### What the task requires
Count each line below that has "City" anywhere in it. Answer with the total alone.

### Data records
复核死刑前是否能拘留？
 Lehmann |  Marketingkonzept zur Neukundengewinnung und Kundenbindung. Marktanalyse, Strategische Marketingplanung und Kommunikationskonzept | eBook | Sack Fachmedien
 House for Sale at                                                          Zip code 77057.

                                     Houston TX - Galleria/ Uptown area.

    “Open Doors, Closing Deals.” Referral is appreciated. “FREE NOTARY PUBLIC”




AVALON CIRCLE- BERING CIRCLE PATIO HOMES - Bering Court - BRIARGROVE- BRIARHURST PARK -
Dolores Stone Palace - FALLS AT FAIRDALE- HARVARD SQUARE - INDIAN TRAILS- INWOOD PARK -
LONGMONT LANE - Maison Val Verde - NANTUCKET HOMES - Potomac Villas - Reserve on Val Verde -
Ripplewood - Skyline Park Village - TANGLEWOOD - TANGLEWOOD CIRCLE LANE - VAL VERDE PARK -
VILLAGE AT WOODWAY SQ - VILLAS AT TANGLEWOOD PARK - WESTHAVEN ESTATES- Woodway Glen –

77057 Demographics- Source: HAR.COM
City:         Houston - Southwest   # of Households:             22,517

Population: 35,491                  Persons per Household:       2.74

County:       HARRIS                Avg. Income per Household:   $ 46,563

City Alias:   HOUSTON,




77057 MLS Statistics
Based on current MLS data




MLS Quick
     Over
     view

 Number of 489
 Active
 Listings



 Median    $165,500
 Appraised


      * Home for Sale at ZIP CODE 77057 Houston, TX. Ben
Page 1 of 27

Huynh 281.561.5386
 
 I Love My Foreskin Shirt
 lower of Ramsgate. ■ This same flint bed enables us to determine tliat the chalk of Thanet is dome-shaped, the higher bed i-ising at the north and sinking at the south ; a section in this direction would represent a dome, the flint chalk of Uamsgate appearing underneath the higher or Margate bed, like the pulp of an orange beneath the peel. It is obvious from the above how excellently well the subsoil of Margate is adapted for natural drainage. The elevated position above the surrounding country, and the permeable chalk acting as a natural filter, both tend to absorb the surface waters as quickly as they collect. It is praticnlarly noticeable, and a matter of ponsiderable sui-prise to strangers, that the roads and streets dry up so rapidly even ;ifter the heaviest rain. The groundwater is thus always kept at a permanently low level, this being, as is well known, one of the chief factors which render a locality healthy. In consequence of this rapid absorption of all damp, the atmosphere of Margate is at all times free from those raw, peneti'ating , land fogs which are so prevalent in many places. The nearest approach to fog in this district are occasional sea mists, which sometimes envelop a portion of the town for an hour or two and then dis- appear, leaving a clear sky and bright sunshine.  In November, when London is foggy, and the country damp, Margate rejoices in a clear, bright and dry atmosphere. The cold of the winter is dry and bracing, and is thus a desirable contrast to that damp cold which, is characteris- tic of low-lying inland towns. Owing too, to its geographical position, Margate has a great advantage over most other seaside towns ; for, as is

### Task solution
2